Genel Energy Plc, the biggest oil producer in Kurdistan, plans to start acquisition talks with Norway’s DNO International ASA (DNO) as soon as its merger with ex-BP Plc chief Tony Hayward’s Vallares Plc is completed.
“We have a serious amount of cash in our coffers and DNO is already our natural partner in northern Iraq,” Genel’s President Mehmet Sepil said today in a telephone interview from Ankara. “We can start official talks after our listing.”
DNO, the first foreign company to begin pumping oil in Iraq since the 1970s, surged to a seven-month high in Oslo trading. Prospects for drilling in Kurdistan, home to about 40 percent of Iraq’s 115 billion barrels of reserves, have been boosted by reports that Baghdad has resolved a dispute with the Kurdish regional government over how to share oil revenue. Exxon Mobil Corp. (XOM) signed an exploration accord with the Kurds last week.
“Genel is DNO’s best peer,” said Teodor Nilsen, an analyst at Oslo-based First Securities ASA. “They have comparable assets. A combined DNO, Genel would definitely make sense.”

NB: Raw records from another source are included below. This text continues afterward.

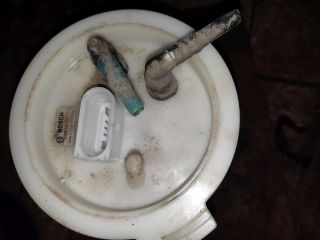 bontott VW GOLF V Üzemanyagszint Jeladó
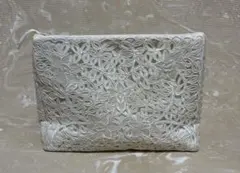 【お値下げ】イヴドローム　刺繍レースホワイトポーチ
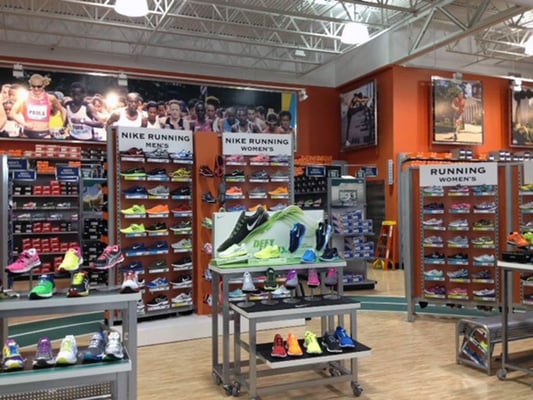 DICK'S Sporting Goods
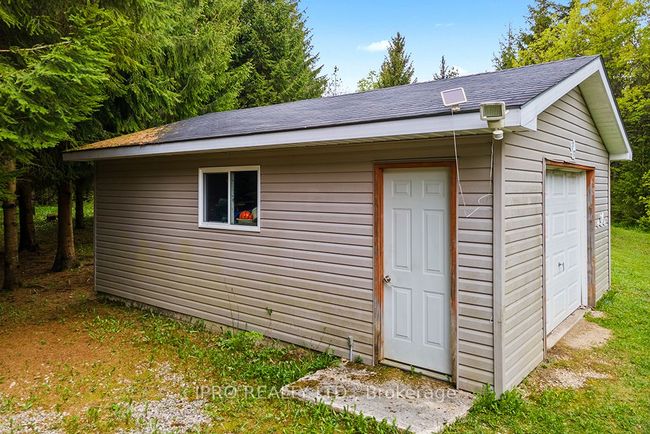 604102 Sideroad 60, House other with 3 bedrooms, 2 bathrooms and 8 parking in Berkeley ON | Image 24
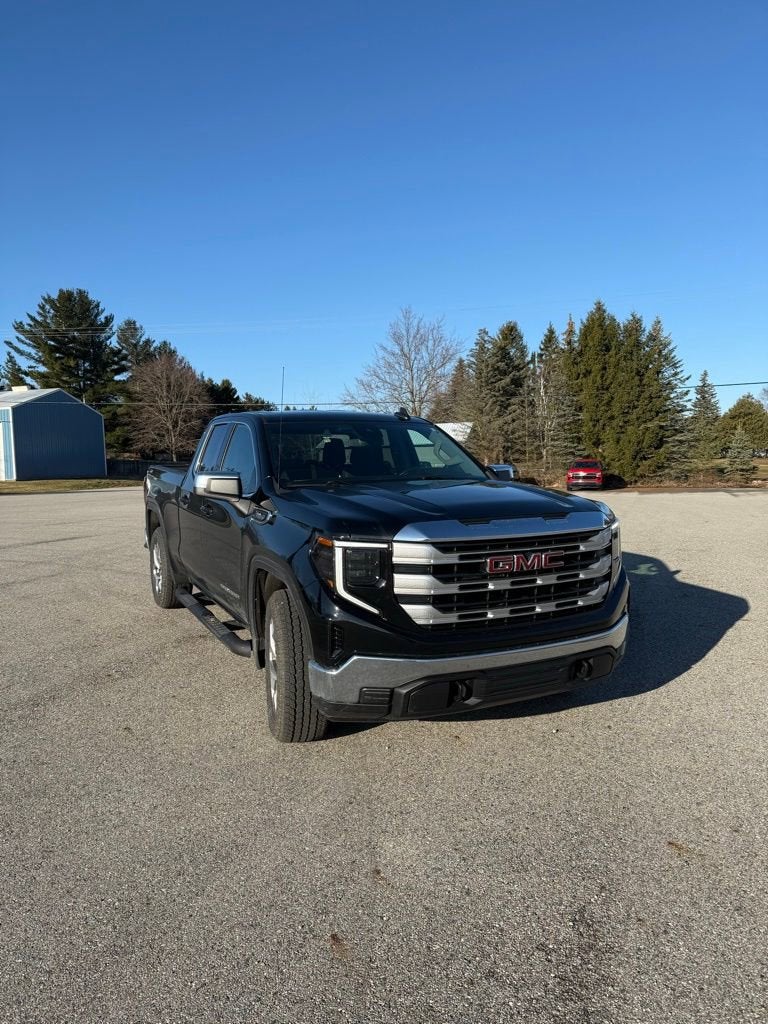 2023 GMC Sierra 1500 SLE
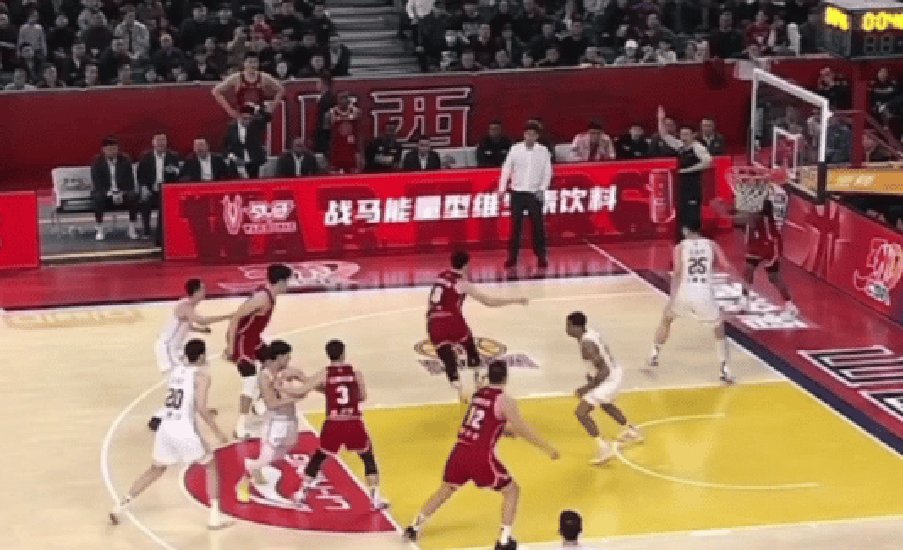 DB官网-比赛中的意外状况,球员们冷静面对挑战的简单介绍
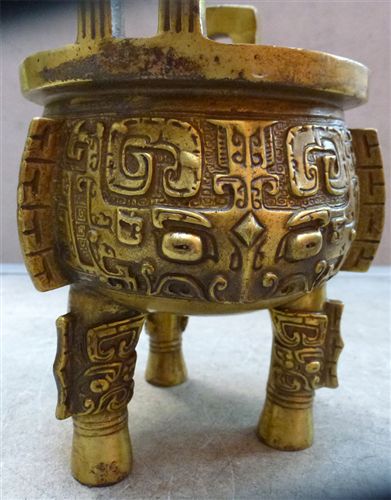 銅雕-鼎，塔，香爐，聚寶盆，葫蘆，元寶 批發(fā)銅雕鼎 世紀(jì)寶鼎鎮(zhèn)宅鼎圓鼎方鼎司母戊鼎 銅鼎定做原始圖片2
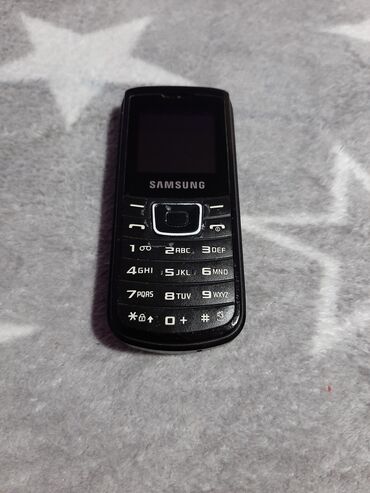 Samsung E 1100 ispravan telefon radi na sve mreze stanje se vidi na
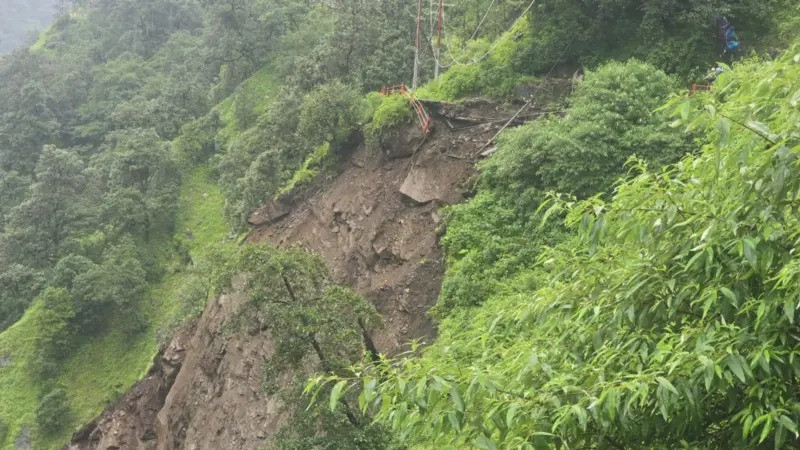 भारी वर्षाका कारण बाटो भत्किएपछि केदारनाथ यात्रा केही दिनलाई स्थगित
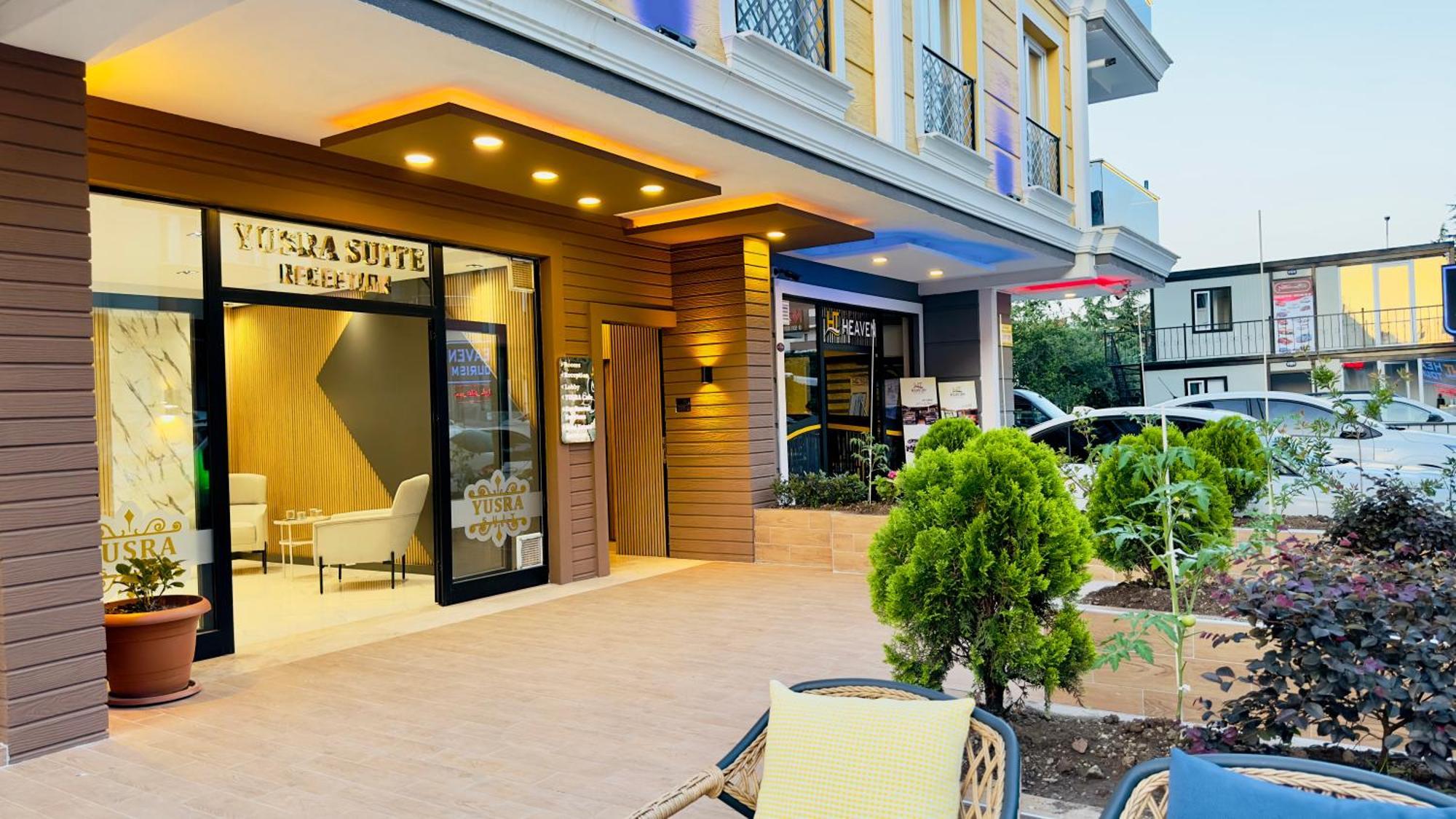 Yusra Aparthotel 2*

DNO agreed in September to merge with the petroleum units of RAK Petroleum PCL, its largest shareholder, in a deal valuing it at $1.64 billion and the RAK units at $250 million.
“It’s of course nice to hear that people like DNO and appreciate what we’re doing,” said Tom Bratlie, a company spokesman. “But that kind of speculation is impossible for me to comment on,” he said. “As you know DNO has just decided the merger with RAK and that is our key focus at the moment.”

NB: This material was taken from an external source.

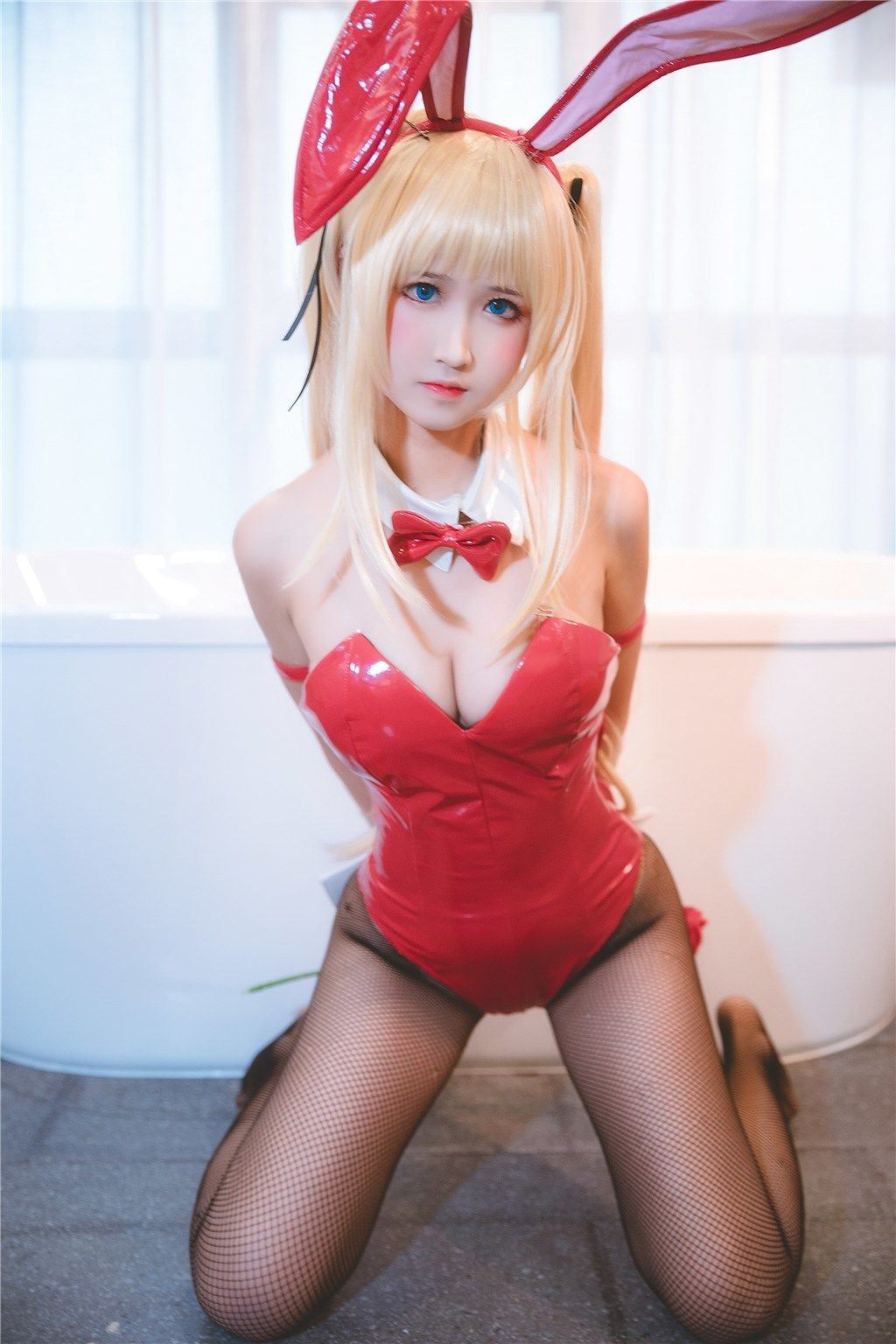 Cosplay] Weibo Meizi Tam Độ_69 - Cô gái thỏ mặc tất đen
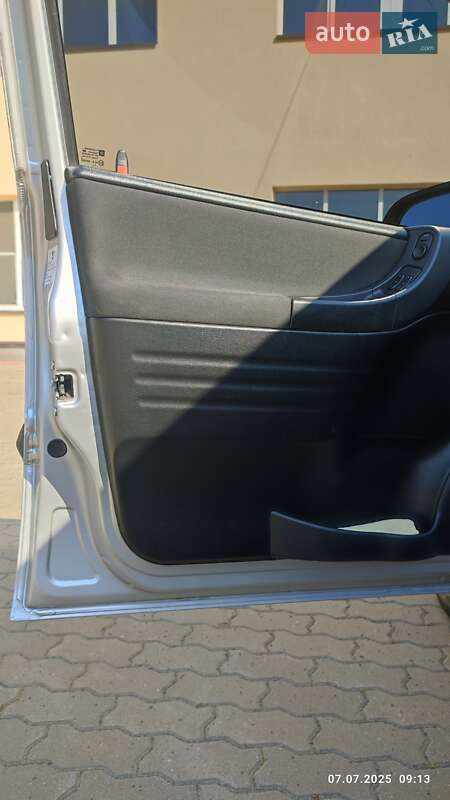 Мінівен Opel Zafira 2004 в Тернополі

Genel plans to start acquisition talks with DNO after its shares are listed in London, which could take place as early as next week, and DNO completes its merger with the RAK units, Sepil said.
Vallares, the investment vehicle led by Hayward, announced the $2.1 billion reverse takeover of Ankara-based Genel in September. The deal leaves both companies with equal stakes in the new venture, which is targeting northern Iraq, a region described by Hayward as “one of the last great oil and gas frontiers.”
Genel Energy has stakes in six oilfields in northern Iraq, which is controlled by the Kurdistan Regional Government, and is producing oil in two of them. It says those interests amount to a potential 356 million barrels of proven reserves. Genel and DNO are partners in the region’s Tawke and Dohuk fields.
“It’s definitely potentially a good strategic fit and would make it a unique dominant Kurdish player in one of the last great regions,” said Trond Omdal, an analyst at Arctic Securities ASA.
DNO jumped 7.3 percent to 8.845 kroner at the close of trading in Oslo, the highest since April.
Genel Energy will use its $2.1 billion in cash on acquisitions and developing existing fields, Hayward said Sept. 8. It will allocate one-third of the cash to accelerate development of its six oilfields in the Kurdistan region of Iraq, he said. An equal amount will be spent on acquisitions of some of the 41 oil companies operating in the region.
Genel will start building a pipeline in February to connect its Taq Taq oilfield, south of the regional capital Erbil, to a pumping station near the Turkish border, Sepil said. From there, it could feed into the existing pipeline from Kirkuk in Iraq to Turkey’s Ceyhan terminal on the Mediterranean.
The 24-inch line will run 255 kilometers (160 miles) with a capacity of more than 400,000 barrels a day, and will cost as much as $450 million, Sepil said. “We are hoping that the pipeline will become operational within 15 to 18 months of the start of construction,” he said.
Taq Taq, in which Addax Petroleum Corp has 36 percent and Kepco of South Korea 20 percent, will have a capacity of 120,000 barrels a day by February compared with 90,000 now, Sepil said. Output at Tawke is currently 75,000 barrels a day, he said.